President George W. Bush told Mr Sharon that he could expect to keep the large settlement blocs Israeli governments have illegally built on the occupied West Bank. He also supported Mr Sharon’s position that Palestinian refugees could not return to land that is now part of the state of Israel.
The outcome of the talks outraged the Arab world and shocked the US’s European allies, desperate to see Washington play a more even-handed role in the Arab-Israeli conflict. Faced with such reactions, the Bush administration has, since then, sought to play down the concessions, insisting that the president was not trying to prejudice the outcome of final peace negotiations between Israelis and Palestinians.
Mr Bush should keep the reactions to this last visit in mind when he hosts Mr Sharon again today at the Crawford ranch. If Washington is serious about advancing peace, Mr Sharon should be told to return to the negotiating table after the Gaza pull-out and to immediately halt the expansion of Jewish settlements on the West Bank.
The mood in the Middle East has changed since Mr Sharon’s last trip. The Gaza withdrawal scheduled for the summer and the January election of Mahmoud Abbas as new Palestinian president have raised hopes for a revival of the political process after more than four years of violence. Mr Abbas had declared an end to the Palestinian uprising and persuaded radical Palestinian factions, including Hamas, to commit to a ceasefire.
Mr Sharon will tell Mr Bush that he is confronted with massive pressure from the settlers’ lobby, forcing him to make concessions on settlement activities. But unless Israel can be made to abide by all its obligations under the US-sponsored road map, the blueprint for a resumption of the peace process, the hopes for progress created over recent months will soon dissipate.

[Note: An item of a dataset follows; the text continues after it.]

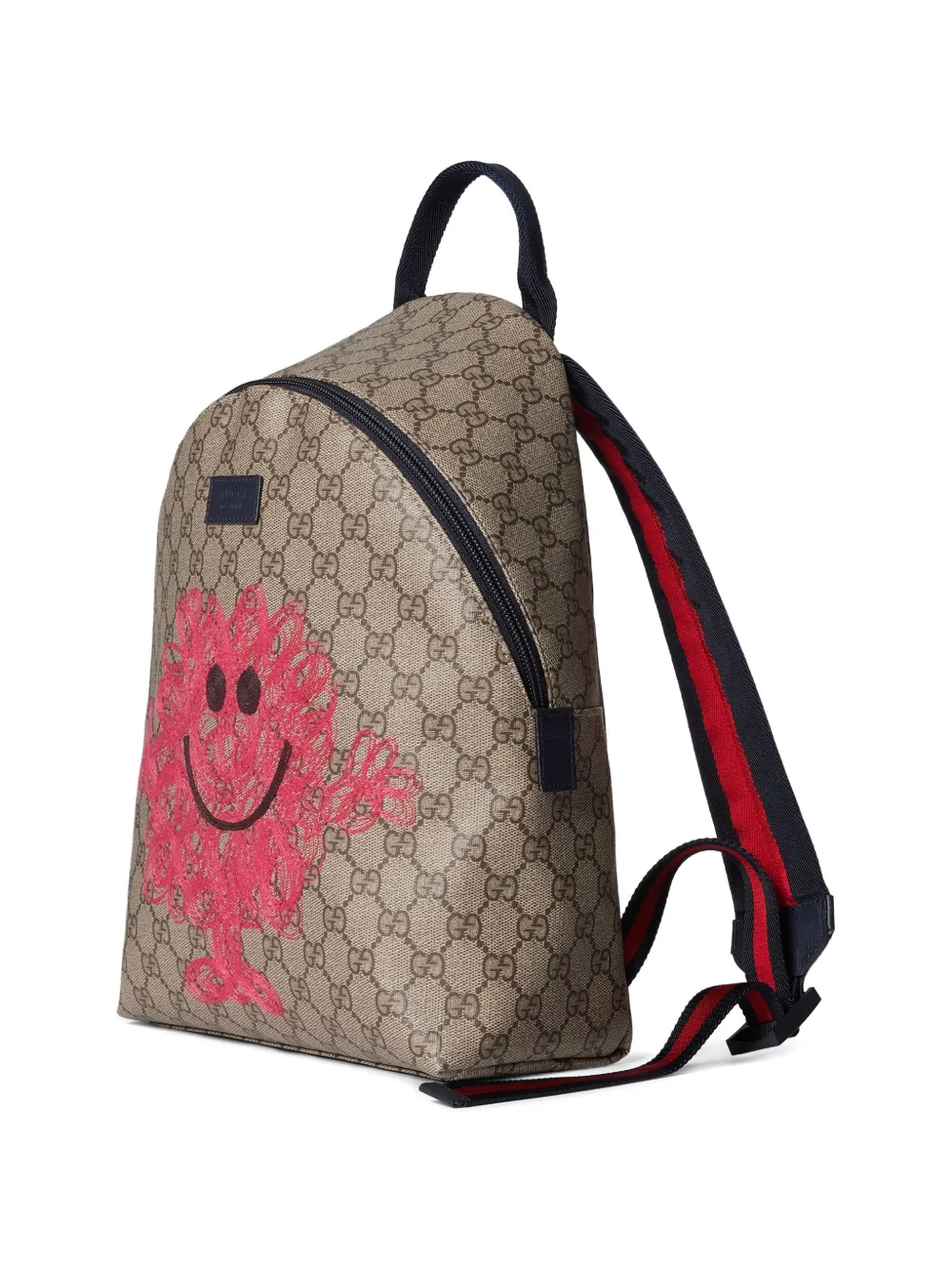  Gucci Kids Gg Signature Character Backpack - Neutrals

The road map, published in 2003, clearly states that Israel must immediately dismantle so-called “outposts”, illegal new constructions on occupied land. Yet according to Peace Now, the Israeli group, about 50 new outposts have sprung up in the West Bank since that date.
The road map also demands that Israel freeze all settlement activity, including what Israelis refer to as “natural growth”, the expansion within existing settlements. But American policy on settlements has been ambiguous, if not outright unhelpful.
Last week, the administration rightly criticised Israeli plans to add 3,500 new homes to a settlement near Jerusalem. But it has acquiesced to the continued construction of houses within settlement boundaries. It is time for the US to adopt a consistent and tough line on settlements.